Gov. Brown could sign vote-from-jail law


prison-jailHeightening the stakes in the criminal justice debate roiling the country at large, Gov. Jerry Brown could soon greenlight a law that would allow some state felons to vote from jail.

California has wound up in the middle of the pack on state laws around criminals and voting rights. “Two states, Maine and Vermont, allow felons to vote while behind bars,” KTVU noted, while “14 states restore voting rights automatically when a person is released from prison. 4 states, including California, restore voting rights after completion of parole.” The new rule, if Brown were to sign AB2466, carves out an exception for felons shifted out of state prisons due to realignment.

Constitutional claims

For that reason, advocates of the bill have characterized it as more of a formality than an overhaul of the state’s criminal law. In 2011, the Criminal Justice Realignment Act “created new sentencing categories for low-level, nonviolent offenders to remedy unconstitutionally overcrowded state prisons,” the NAACP’s Janai Nelson noted in the Los Angeles Times. “Instead of time in state prison, minor felony convictions now result in a term in the county jail followed by release under what’s known as mandatory or community supervision.” Given the opportunity to rule on how that changed status squares with voting laws, “Alameda County Superior Court already has held that people subject to this new form of mandatory or community supervision are not ‘on parole’ and therefore retain their right to vote,” Nelson added, claiming AB2466 would simply “codify that ruling” and eliminate any “ambiguity in how a felony conviction affects voter eligibility” in California. 
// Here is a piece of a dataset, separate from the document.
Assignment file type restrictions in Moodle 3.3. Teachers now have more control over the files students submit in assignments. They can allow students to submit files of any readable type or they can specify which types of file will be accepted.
But critics have countered that the parole language is not as relevant to a proper interpretation of standing law as other elements of voters’ 1976 addition to the state constitution. “The Legislature shall prohibit improper practices that affect elections and shall provide for the disqualification of electors while mentally incompetent or imprisoned or on parole for the conviction of a felony,” that language ran in full. Although supporters of AB2466 “contend that the word ‘imprisoned’ in the California Constitution refers to a state prison, but not a county jail,” the looser interpretation AB2466 embraces “would create an odd circumstance in which inmates out of prison on parole are prohibited from voting, but felons behind bars in county jails could vote” — a view held by the state Sheriffs’ Association, as legislative director Cory Salzillo suggested to the Daily Signal. Given the low level of the judiciary ruling used as a baseline by AB2466, that could invite further litigation that would effectively freeze or scuttle the legislation before it is implemented. 
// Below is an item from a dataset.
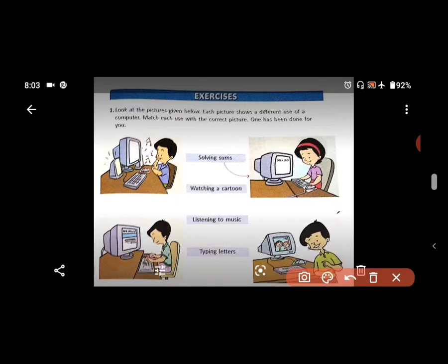See — solving sums. This girl is solving sums on her computer. So here, match with an arrow like this. Number 2 — watching cartoons. Who is watching? Yes, right side — watching cartoons.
Signaling and consequences

For the bill’s supporters, that risk appeared to be one worth taking. “I wrote AB2466 because I want to send a message to the nation that California will not stand for discrimination in voting,” Assemblywoman Shirley Weber, D-San Diego, said in a statement, indicating a preference to pass legislation now and consider later whether it squares legitimately with the state Constitution. Weber has also advanced a bill that would add a five year period of eligibility for nonviolent felons petitioning a sentencing reduction in the wake of Proposition 47, which changed their crimes to misdemeanors. “But issues surrounding Proposition 47 generate significant controversy” as well, the Los Angeles Times recently observed. “The California Police Chiefs Assn. has blamed the initiative for a recent increase in property crimes across the state.”

In a final wrinkle fueling concern around the vote-from-jail law, impacted felons would face a logical but potentially problematic geographic restriction on their vote. “Under AB2466, these inmates would vote in the district where they are incarcerated,” noted state Sen. Patricia Bates, R-Laguna Niguel, in the Orange County Register. “For example, an inmate whose home residence is in San Clemente would be able to vote for local races affecting Santa Ana, since that is where Orange County’s Central Jail is located.”